**YOUR INSTRUCTIONS**: As written and without pictures, set down the lines from the one that contains "Camo & Rose Crop Top" through the end of the data.

**INFORMATION SUPPLIED**:

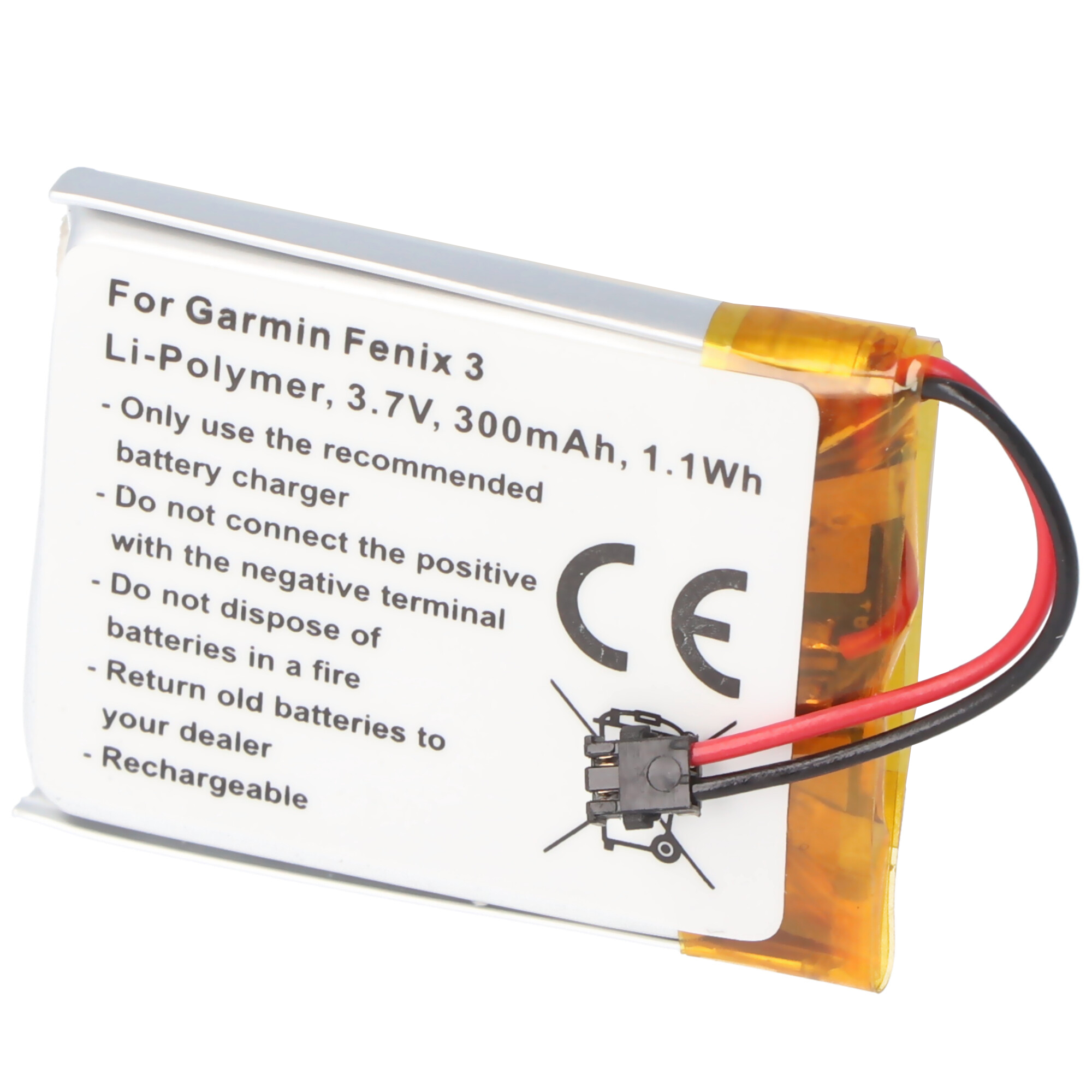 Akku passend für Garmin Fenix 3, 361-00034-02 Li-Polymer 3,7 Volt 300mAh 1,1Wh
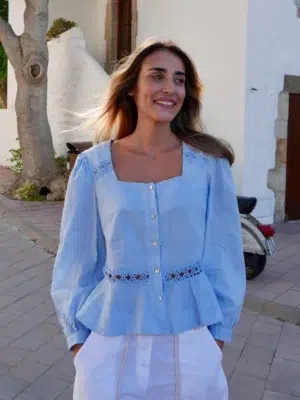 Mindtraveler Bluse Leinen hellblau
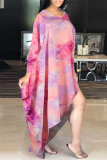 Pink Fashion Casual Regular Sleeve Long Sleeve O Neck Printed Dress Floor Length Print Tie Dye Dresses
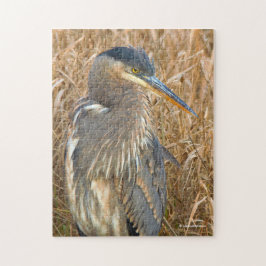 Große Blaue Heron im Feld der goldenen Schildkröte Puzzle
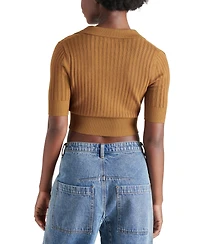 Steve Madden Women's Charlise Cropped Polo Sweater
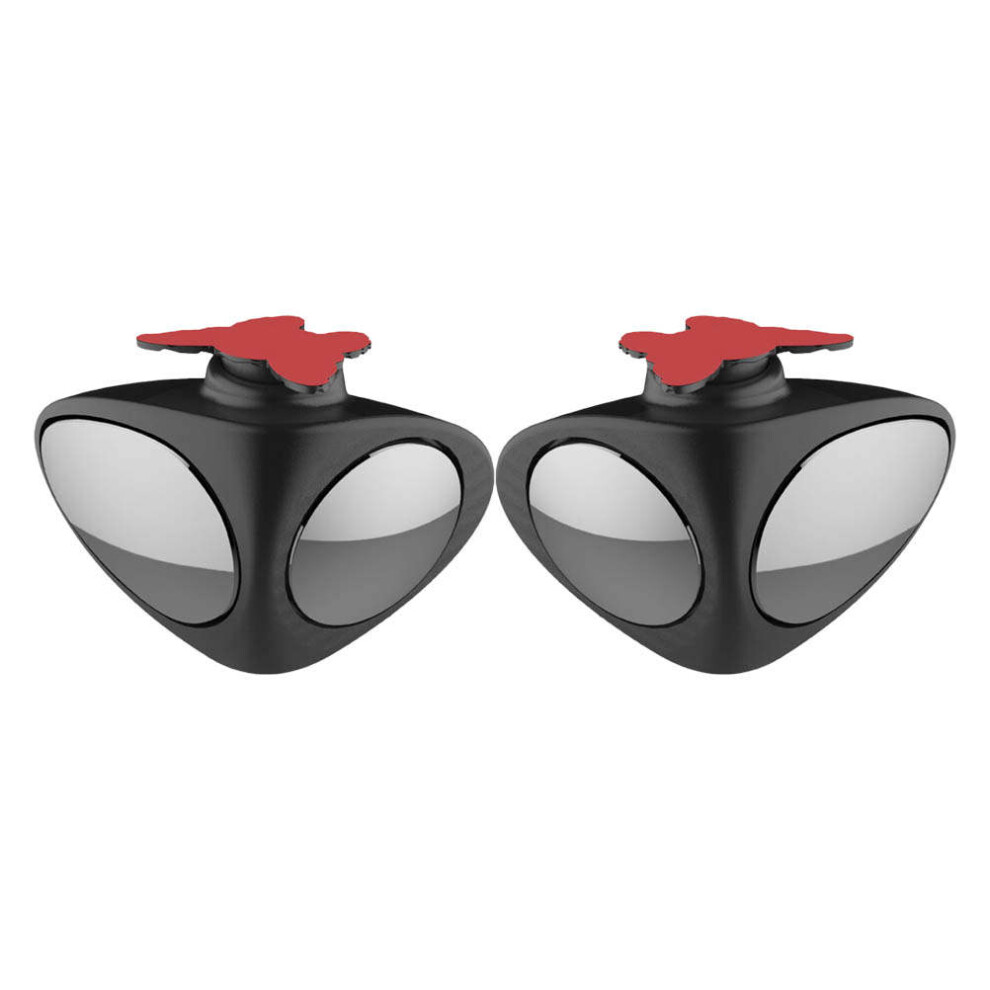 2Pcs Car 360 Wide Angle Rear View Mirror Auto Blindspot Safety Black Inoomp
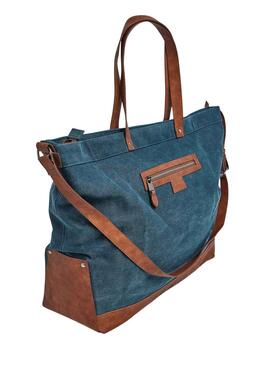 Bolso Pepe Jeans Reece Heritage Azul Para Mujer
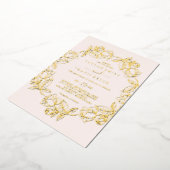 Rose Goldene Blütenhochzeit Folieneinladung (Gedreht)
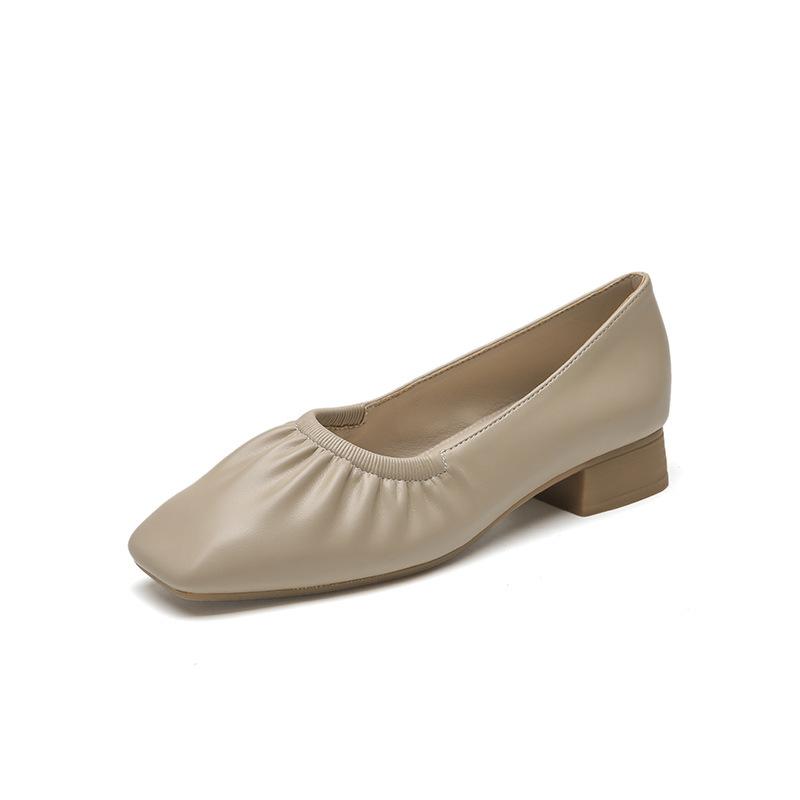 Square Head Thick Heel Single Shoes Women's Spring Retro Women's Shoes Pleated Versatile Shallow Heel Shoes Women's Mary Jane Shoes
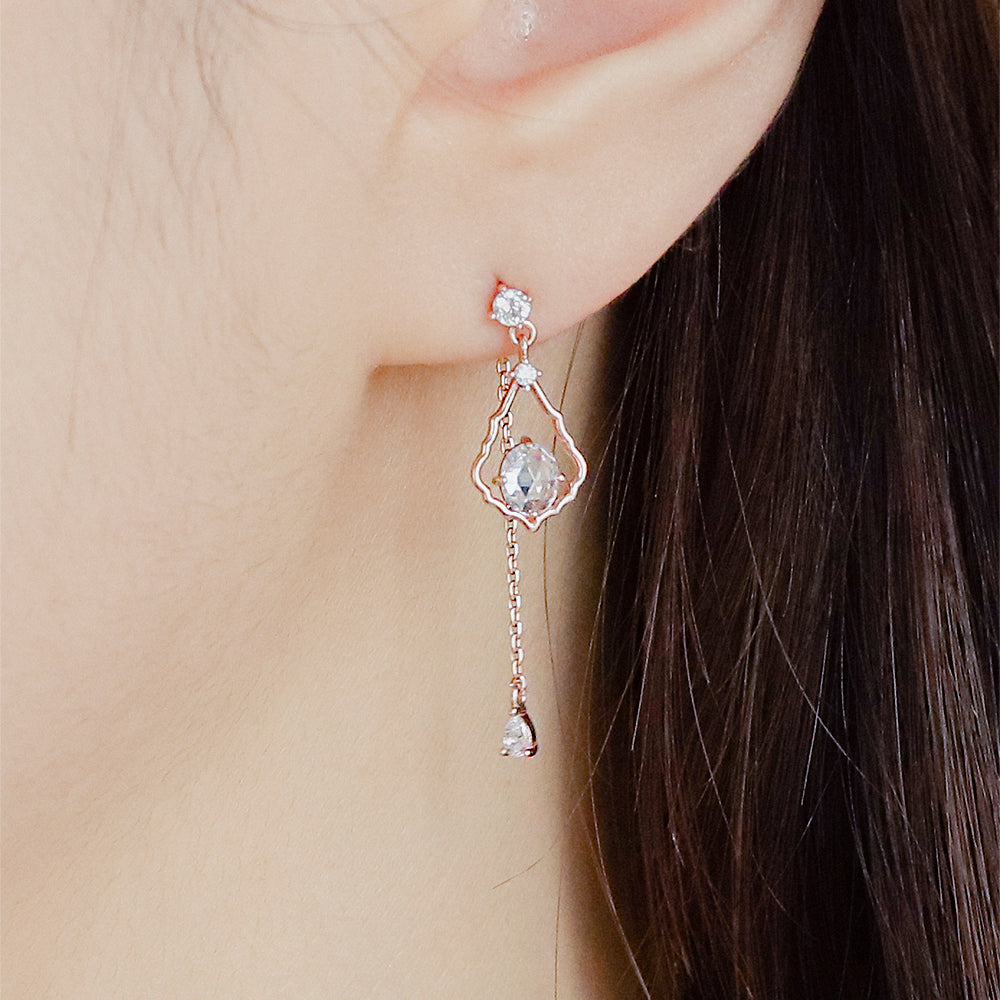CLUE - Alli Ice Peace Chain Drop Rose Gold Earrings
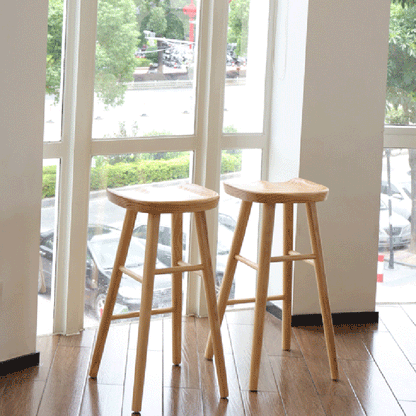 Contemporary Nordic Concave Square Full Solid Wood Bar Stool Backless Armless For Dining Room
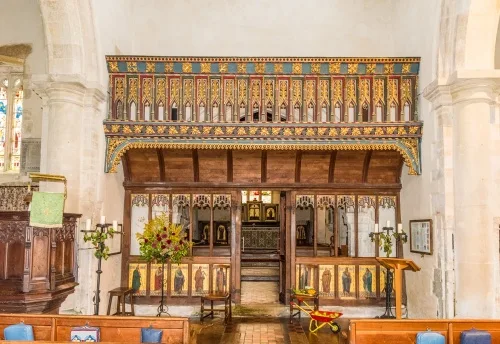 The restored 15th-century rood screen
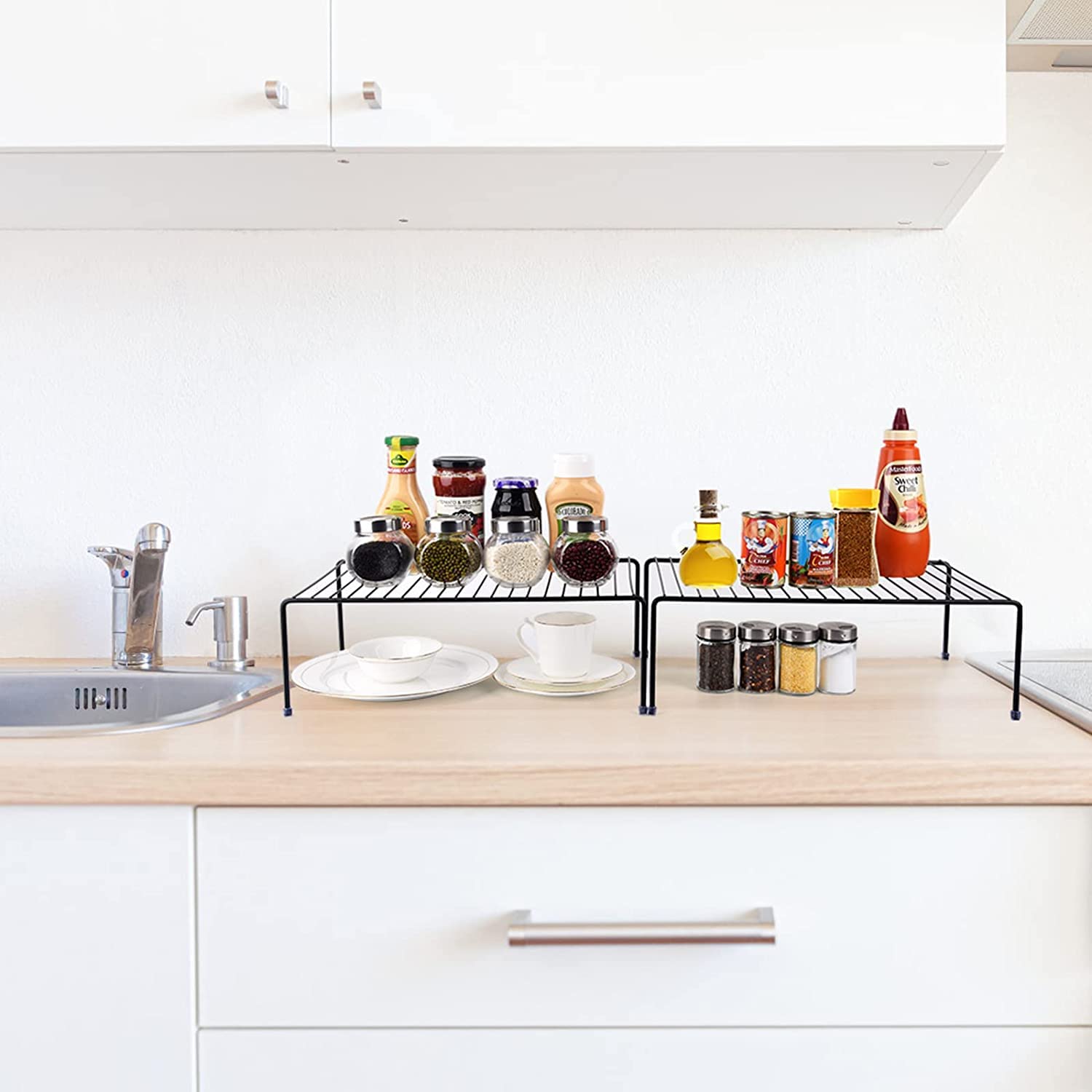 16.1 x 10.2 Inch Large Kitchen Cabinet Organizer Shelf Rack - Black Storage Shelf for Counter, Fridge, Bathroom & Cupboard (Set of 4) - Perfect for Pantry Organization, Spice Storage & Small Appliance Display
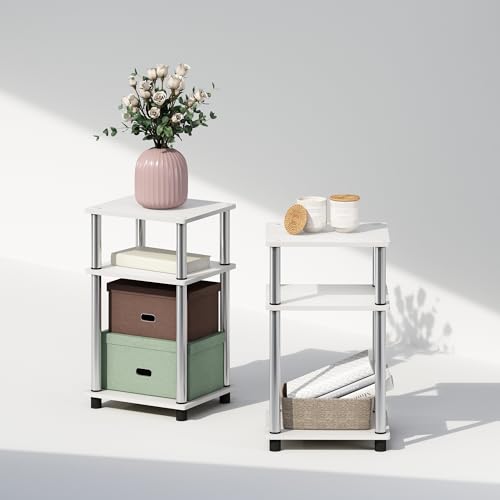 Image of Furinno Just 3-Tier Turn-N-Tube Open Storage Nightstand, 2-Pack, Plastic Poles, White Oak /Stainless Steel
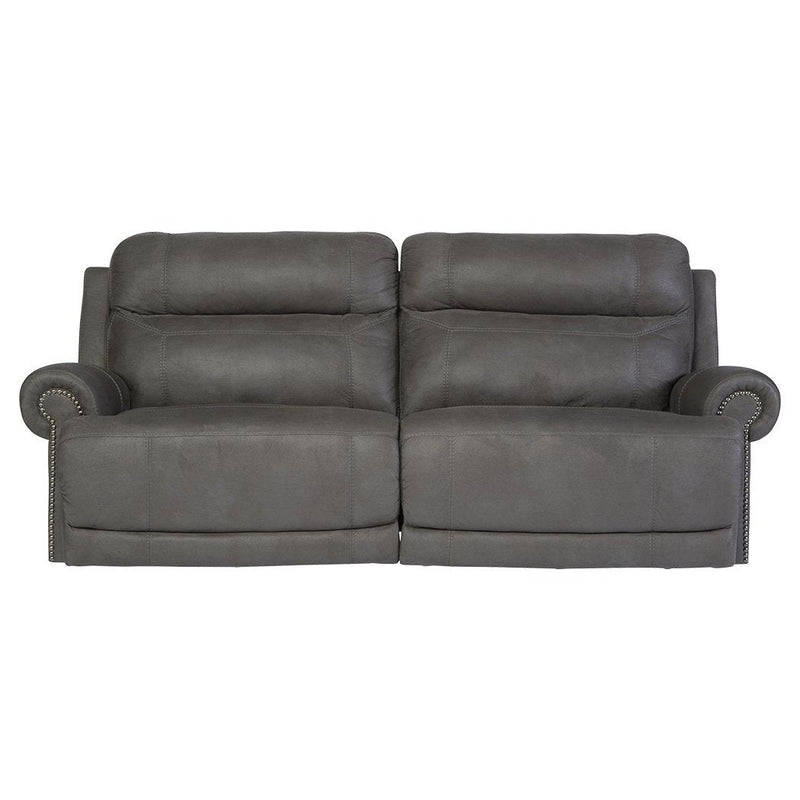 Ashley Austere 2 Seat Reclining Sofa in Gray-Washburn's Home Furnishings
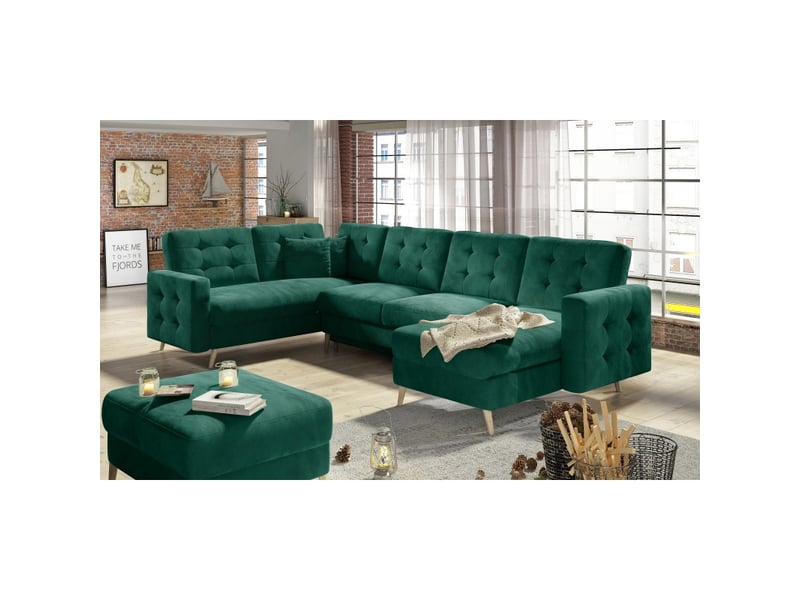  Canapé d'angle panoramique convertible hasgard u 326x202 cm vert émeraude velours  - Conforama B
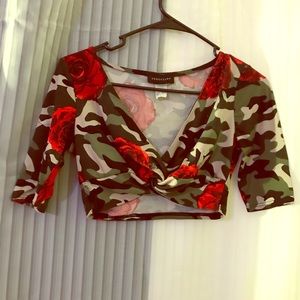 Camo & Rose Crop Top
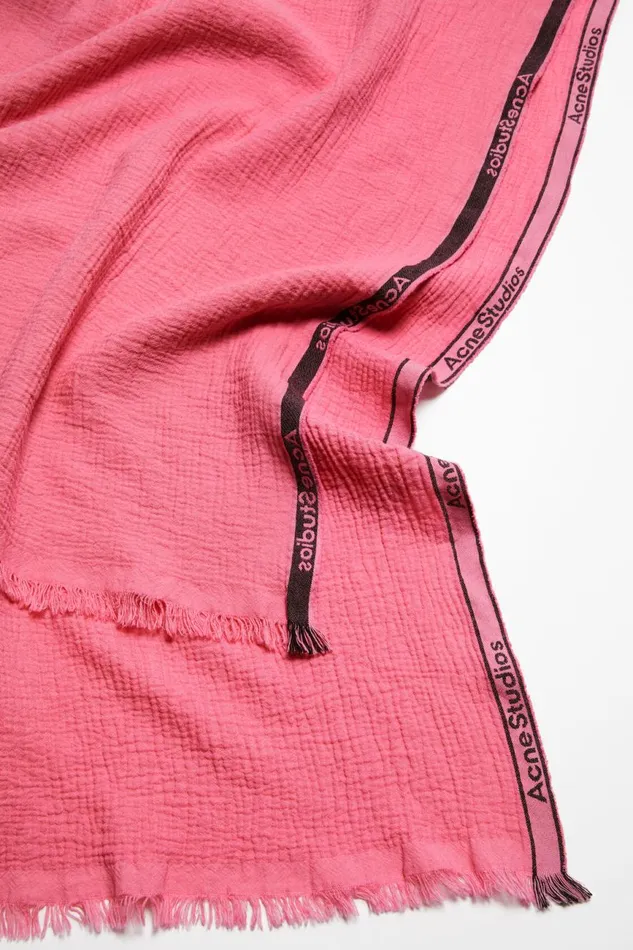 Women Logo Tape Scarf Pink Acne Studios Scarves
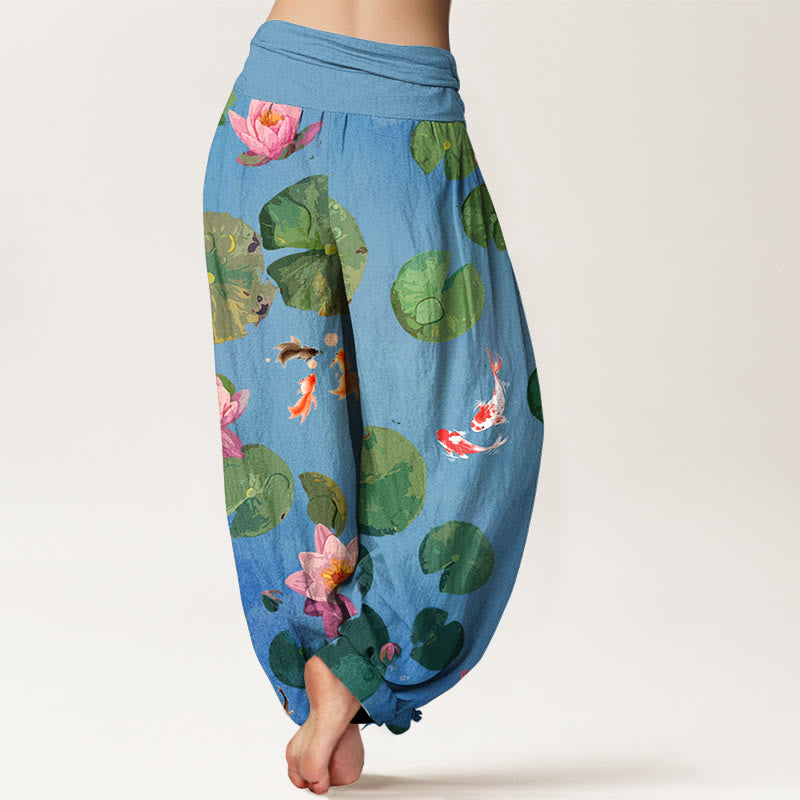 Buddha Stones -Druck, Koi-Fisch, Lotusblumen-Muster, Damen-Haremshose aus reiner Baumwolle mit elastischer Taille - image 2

**WRITTEN SOLUTION**:
 Camo & Rose Crop Top
 Women Logo Tape Scarf Pink Acne Studios Scarves
 Buddha Stones -Druck, Koi-Fisch, Lotusblumen-Muster, Damen-Haremshose aus reiner Baumwolle mit elastischer Taille - image 2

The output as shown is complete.